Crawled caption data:
%%
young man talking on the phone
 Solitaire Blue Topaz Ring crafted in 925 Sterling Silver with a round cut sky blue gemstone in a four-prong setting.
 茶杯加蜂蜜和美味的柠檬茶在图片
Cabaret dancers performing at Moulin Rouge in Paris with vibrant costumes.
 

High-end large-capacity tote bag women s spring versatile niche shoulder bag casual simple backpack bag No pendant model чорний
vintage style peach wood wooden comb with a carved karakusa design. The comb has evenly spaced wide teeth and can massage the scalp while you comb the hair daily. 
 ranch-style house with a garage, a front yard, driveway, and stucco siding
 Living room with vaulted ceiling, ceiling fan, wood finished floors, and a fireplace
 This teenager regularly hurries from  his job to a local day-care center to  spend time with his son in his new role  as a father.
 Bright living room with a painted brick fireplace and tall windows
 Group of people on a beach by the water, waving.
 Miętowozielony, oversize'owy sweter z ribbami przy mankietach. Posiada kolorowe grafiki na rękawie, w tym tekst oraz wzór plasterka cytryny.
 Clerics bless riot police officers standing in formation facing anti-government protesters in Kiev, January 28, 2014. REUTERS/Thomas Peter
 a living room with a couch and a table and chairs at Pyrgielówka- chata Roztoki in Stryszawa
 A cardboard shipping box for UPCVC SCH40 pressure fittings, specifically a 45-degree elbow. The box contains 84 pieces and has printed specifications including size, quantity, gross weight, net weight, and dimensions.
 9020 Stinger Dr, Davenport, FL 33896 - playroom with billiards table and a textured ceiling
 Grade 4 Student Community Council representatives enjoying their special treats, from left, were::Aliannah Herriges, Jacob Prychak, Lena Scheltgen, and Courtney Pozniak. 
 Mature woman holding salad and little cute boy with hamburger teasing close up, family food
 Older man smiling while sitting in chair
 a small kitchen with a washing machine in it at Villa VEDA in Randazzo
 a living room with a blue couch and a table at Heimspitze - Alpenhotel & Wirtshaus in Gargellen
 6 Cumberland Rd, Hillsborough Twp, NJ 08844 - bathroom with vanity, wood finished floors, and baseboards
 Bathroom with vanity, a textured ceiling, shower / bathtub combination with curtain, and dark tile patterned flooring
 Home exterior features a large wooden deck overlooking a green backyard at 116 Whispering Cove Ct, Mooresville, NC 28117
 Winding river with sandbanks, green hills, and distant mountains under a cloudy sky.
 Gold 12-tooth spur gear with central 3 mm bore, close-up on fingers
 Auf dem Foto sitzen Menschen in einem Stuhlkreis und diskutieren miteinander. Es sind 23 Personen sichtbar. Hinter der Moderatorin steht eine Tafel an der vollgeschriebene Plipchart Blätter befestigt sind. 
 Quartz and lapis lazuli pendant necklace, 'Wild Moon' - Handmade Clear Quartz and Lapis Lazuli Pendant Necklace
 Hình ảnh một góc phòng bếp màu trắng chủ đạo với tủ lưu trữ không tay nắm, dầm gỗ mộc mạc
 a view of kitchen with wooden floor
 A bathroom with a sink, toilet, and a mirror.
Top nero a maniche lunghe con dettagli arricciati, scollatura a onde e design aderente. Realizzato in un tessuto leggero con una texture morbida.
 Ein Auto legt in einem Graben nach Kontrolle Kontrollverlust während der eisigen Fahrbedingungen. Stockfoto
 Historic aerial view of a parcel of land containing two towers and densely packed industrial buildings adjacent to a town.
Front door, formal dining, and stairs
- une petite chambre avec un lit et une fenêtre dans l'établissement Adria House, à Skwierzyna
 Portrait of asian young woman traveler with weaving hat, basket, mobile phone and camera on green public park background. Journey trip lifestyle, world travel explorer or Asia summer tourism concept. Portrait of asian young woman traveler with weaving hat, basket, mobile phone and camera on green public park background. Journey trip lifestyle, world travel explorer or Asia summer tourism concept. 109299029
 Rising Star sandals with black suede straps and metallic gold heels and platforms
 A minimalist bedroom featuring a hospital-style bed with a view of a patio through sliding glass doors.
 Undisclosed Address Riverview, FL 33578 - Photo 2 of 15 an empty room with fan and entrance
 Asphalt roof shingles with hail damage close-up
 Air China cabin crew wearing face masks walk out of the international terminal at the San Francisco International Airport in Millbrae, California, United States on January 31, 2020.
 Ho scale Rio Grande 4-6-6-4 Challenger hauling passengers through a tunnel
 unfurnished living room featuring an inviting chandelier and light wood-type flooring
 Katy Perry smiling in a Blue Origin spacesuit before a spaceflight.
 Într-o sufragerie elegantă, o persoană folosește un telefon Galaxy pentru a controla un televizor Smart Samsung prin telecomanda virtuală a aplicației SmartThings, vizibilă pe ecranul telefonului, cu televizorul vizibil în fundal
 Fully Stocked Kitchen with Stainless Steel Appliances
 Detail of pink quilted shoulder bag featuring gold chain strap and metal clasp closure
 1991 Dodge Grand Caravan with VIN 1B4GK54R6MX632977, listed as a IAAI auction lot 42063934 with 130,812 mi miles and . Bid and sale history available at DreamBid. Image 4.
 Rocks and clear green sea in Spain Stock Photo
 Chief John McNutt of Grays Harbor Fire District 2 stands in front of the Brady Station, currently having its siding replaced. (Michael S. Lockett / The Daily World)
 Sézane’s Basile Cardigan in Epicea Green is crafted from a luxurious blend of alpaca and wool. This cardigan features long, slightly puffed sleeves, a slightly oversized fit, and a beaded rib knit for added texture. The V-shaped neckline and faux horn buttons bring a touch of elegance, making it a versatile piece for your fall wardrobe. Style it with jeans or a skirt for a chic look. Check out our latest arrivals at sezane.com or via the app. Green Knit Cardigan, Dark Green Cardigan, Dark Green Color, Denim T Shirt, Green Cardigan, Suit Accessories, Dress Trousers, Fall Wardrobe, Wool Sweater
%%
- **Activity**:
Within the data above, the lines from the one with "Air China cabin" to the one with "Într-o sufragerie elegantă, o" must be repeated exactly; no other line belongs in the answer.

- **Exercise result**:
 Air China cabin crew wearing face masks walk out of the international terminal at the San Francisco International Airport in Millbrae, California, United States on January 31, 2020.
 Ho scale Rio Grande 4-6-6-4 Challenger hauling passengers through a tunnel
 unfurnished living room featuring an inviting chandelier and light wood-type flooring
 Katy Perry smiling in a Blue Origin spacesuit before a spaceflight.
 Într-o sufragerie elegantă, o persoană folosește un telefon Galaxy pentru a controla un televizor Smart Samsung prin telecomanda virtuală a aplicației SmartThings, vizibilă pe ecranul telefonului, cu televizorul vizibil în fundal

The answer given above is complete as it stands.